Lemma: Suppose $f \in (\ell^\infty)^*$ with $\|f\| = 1$. Then $f(Sx) = f(x)$ for all $x$ and $f(1) = 1$ implies $\lim \inf \{x_n\} \leq f(x) \leq \lim \sup \{x_n \}$ for every $x \in \ell^\infty$.
You can prove this by showing that such an $f$ is then non-negative in the sense that $x_n \geq 0$ for all $n$ implies $f(x) \geq 0$ and then e.g. considering $f(S^nx - \alpha 1)$ for $\alpha < \lim \inf \{x_n\}$ where $n$ is chosen so that $x_{n+m} > \alpha$ for every $m$.
The other two desired properties of $\Lambda$ then follow in a straightforward manner.
In fact, there is another more general technique for proving this result that needs some heavier machinery.
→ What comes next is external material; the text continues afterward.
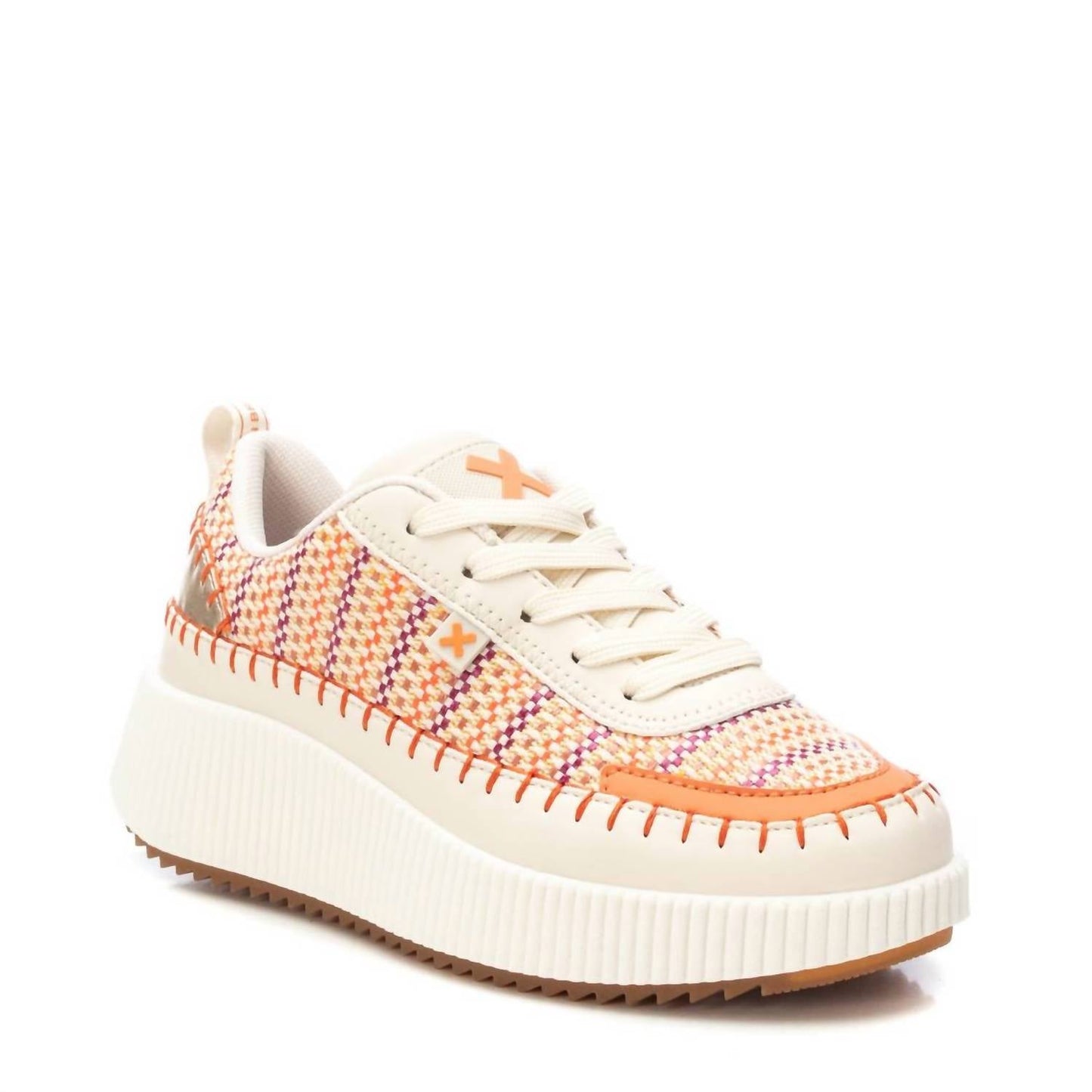 Xti - Women's Trainer Sneakers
As noted in the comments, on the space of convergent sequences $c \subset \ell^\infty$, the limit functional matches the requirements. So one might attempt to take a Hahn-Banach extension $\Phi$ of $\lim : c \to \mathbb{R}$ and hope that this still has the desired properties.
By my Lemma and its definition, $\Phi$ will satisfy the first two properties. However, it is not obvious that $\Phi(Sx) = \Phi(x)$ for every $x$ (this is the reason that I constructed $\Lambda_0$ on a space other than $c$ above; I was most worried about this property).
It is in fact true that you can find a Hahn-Banach extension with the desired property. The key is to recognise that $\Phi(Sx) = \Phi(x)$ for every $x$ iff $\Phi$ is a fixed point of $S^*$. In fact, we actually don't even need to be working with the shift operator $S$ on $\ell^\infty$. More generally, we have
Theorem: Let $Y$ be a subspace of a Banach space $X$ and let $T:X \to X$ be a bounded linear operator. If $g \in Y^*$ and $g(Tx) = g(x)$ for every $x \in Y$ then there is $f \in X^*$ such that $f$ extends $g$, $\|f\| = \|g\|$ and $f(Tx) = f(x)$ for all $x \in X$.
The idea of the proof is to apply the Markov-Kakutani Fixed Point Theorem to $T^*$ defined on the set $\{ f \in X^*: \|f\| = \|g\| \text{ and } f \text{ extends } g \}$. This set is non-empty by Hahn-Banach, is easily seen to be convex and, by an application of Banach-Alaoglu, is weak$^*$-compact since it is clearly weak$^*$ closed. So by Markov-Kakutani, we get the desired functional.
In fact, one can generalise this even further to find Hahn-Banach extensions that preserve the property $f(T_ix) = f(x)$ for every $x$ as long as the $T_i$ commute (again just Markov-Kakutani) but this answer is already quite long so I won't go into details here.